A van trundles along the crater-filled path, a poor apology for a road, that cuts through the slum. The doors of the van swing open and a team of volunteers rushes to draw out enormous steel containers that are filled to the brim with food. The volunteers—mostly middle-aged men, but sometimes school-going children—get busy distributing the food, stopping to exchange a friendly word or joke with the people who line up to take their dinner—for many of them, their main meal for the day, which some might also have for the next morning.
Distributing Free Groceries
This initiative is the brainchild of 60 year-old Venkatraman Iyer (or Venkat), who, along with his wife Vijaya, manage Swabhimaan, a registered charitable trust. “In 2009, with help of Mpower Foundation, we started distributing free groceries in and around the area—sugar, daal, rice, wheat and oil—once a month to some 200 economically very vulnerable families, enough to last a family of five, for a week.” Venkat says. Today, Swabhimaan provides free groceries to some 450 families, funds for which come from individual donors. “One of our donors is a Muslim woman who sends 50,000 rupees a month to us from her zakaat money for this project”, Venkat adds. “I’ve never met her myself, but she heard about our work from a relative of hers who knows about it and she decided to support it.”

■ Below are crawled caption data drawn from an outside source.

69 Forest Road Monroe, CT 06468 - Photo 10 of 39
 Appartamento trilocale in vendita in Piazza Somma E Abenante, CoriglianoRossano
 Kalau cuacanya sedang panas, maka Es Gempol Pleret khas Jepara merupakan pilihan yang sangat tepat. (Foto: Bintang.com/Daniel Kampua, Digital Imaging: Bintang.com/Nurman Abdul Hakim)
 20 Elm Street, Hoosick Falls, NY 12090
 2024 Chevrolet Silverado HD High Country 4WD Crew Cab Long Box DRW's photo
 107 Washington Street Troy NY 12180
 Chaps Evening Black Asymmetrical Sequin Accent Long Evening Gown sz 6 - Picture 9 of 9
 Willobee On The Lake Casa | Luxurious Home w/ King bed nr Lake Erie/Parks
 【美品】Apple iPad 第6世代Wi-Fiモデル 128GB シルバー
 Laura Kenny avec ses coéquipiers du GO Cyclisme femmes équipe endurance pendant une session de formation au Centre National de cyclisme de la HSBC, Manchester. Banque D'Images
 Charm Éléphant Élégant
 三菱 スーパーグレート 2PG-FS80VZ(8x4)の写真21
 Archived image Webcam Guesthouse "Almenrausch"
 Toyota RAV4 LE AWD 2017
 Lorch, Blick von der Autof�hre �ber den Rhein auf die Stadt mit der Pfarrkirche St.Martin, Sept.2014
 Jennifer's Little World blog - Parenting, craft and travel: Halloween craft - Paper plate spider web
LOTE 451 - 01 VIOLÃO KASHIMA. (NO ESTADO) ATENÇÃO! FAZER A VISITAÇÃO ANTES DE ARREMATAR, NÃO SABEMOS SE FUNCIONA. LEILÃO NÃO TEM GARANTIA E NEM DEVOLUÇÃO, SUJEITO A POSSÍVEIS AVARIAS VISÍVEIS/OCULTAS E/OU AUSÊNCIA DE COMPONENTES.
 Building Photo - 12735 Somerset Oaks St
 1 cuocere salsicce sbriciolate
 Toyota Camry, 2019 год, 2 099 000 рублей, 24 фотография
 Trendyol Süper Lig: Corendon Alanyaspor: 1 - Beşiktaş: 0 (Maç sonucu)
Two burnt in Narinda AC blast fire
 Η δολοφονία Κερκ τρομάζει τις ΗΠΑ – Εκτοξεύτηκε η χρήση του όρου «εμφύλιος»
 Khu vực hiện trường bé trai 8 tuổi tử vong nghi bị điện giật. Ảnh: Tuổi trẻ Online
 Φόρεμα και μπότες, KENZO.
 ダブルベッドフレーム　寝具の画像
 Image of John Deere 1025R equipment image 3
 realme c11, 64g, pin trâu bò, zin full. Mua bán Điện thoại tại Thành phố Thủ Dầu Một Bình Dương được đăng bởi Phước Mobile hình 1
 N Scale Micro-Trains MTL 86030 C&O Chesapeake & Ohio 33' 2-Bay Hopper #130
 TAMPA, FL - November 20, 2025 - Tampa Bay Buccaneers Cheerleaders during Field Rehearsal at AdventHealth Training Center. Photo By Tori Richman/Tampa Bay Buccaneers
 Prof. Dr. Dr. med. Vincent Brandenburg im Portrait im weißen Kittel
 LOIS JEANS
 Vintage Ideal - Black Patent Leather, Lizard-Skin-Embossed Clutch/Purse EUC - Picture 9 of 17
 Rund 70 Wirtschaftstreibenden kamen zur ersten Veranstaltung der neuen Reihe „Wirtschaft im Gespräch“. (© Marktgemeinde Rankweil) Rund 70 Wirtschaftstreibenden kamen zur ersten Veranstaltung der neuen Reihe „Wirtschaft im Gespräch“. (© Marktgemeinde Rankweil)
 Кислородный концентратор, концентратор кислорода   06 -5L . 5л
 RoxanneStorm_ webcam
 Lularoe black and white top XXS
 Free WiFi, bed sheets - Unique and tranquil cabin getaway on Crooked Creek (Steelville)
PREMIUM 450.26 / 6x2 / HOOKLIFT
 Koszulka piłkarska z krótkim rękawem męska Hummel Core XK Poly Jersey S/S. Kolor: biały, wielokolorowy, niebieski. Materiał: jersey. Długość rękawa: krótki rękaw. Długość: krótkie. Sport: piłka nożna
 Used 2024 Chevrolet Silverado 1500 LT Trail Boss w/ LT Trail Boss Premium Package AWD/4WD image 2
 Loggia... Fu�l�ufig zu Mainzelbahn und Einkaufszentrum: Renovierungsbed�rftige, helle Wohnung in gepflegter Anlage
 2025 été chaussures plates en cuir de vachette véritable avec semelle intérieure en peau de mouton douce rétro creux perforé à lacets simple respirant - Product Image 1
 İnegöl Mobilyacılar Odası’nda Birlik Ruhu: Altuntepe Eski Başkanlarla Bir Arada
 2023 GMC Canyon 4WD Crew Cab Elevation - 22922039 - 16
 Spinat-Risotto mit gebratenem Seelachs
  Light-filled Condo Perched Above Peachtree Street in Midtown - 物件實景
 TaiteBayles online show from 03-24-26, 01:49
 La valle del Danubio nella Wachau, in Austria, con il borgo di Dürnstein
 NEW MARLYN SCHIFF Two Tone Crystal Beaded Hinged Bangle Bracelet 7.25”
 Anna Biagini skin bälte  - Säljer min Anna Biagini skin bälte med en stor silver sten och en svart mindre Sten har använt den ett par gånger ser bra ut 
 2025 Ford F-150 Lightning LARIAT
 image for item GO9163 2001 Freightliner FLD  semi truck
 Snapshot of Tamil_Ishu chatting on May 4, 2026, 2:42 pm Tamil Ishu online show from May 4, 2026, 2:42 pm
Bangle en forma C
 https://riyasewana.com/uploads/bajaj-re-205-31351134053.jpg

Swabhimaan’s food distribution programme in the area, launched last September, was triggered off by a touching incident, as Venkat explains:
One day, I saw one of our volunteers, Khader, carrying two packets of food. I asked him where he was going. He replied that he was going to give food to two elderly, homeless women who lived under a staircase and had no family. Apparently, he was doing that every day for three months! I was really taken aback! I said to him, ‘You yourself are very poor and are out of work and have children to feed. You don’t have enough food in your home, how can you feed these women every day?
Khader’s reply really struck me. He said, ‘If my parents were alive, wouldn’t I feed them? I’m feeding these two women thinking that my parents are alive and that I’m fulfilling my responsibility of caring for them.’
Isn’t that amazing—the way he looked upon those two women like his own parents?
I asked him if there were more people like these two women in the area. He said there were many. That is how we came up with the idea of providing a nutritious meal to such people on a regular basis.
To begin with, Venkat contacted friends and relatives to contribute money, on an occasion like a birthday or wedding anniversary, to cook and distribute food to people in the area on the weekends. Beneficiaries were carefully selected by Swabhimaan’s team of dedicated volunteers from among the most economically-needy families.
Access to Proper Nutrition
As the work expanded, Venkat realised that the problem of access to proper nutrition in the area was acute, especially among children and the elderly. That led him to contact a software company for help. In many such companies, after lunch is served in served, he says, a significant amount of good quality, nutritious food is left over on any given day, which is thrown away. “I met the company’s Corporate Social Responsibility team and offered to arrange to have the food picked up regularly and given to the poor in the area where we work, and they readily agreed,” says Venkat.
The company didn’t want to take the risk of food getting spoilt and people falling sick from eating it. “Distributing food was a big risk. I consulted my wife about the matter, and she said we should take the risk since our intention was good,” Venkat says. “We signed an agreement with the company to the effect that the company would not be held responsible in case anyone fell ill on eating the food.”
It is a year since Swabhimaan launched its food distribution programme, and the number of companies involved in the programme has gone up to three. The programme now benefits some 150 families, or around 500 people. Food collected from the companies is delivered every day, from Monday to Friday. With money given by individual well-wishers, food is cooked in the area itself on Saturdays (a contribution of Rs. 3000 is enough to cook food for 300 people, Venkat says), while on Sundays, food is arranged by ‘Robinhoods’ and ‘Let’s Feed Bangalore’, two groups of professionals who reach food to the hungry.
Sharing in their Common Poverty
“Our beneficiaries are among the poorest people in the area, living in really sub-human conditions” Venkat says, “including widows, divorced women, very sick or old people, some who have no facilities to cook in the hovels in which they live. They are from different communities—Muslims, Hindus, Christians and others— and have traditionally lived together in great amity, sharing in their common poverty. The fact that they come every day and stand in a queue to wait for their turn to pick up food tells you that these people are really very hungry. Sometimes, the food is delivered late, but they still wait—for even more than an hour.”
36 year-old Chand Pasha is a member of Swabhimaan’s team of dedicated volunteers. He earns his livelihood buying clothes in bulk and retailing them on the footpath. Even though he isn’t paid for volunteering with Swabhimaan, he’s there most days of the week to help out with distributing the food. “When I see others in need, I feel like doing something to alleviate their problems,” he explains. “It gives me great joy.”
“There are dozens of slums like this one in Bangalore, and many more such hungry and deserving families who need to be supported to ensure minimum nutrition for their children and food on their plate for the elderly and the sick,” Venkat explains. “We are working in just one slum, and that too with not all the families there that are in need. If others want to replicate this work in other slums in Bangalore, we’d be happy to help. We’d be glad, too, if anyone wants to come over to see our work, to help out with food distribution and to get to know about the lives of the people we work with.”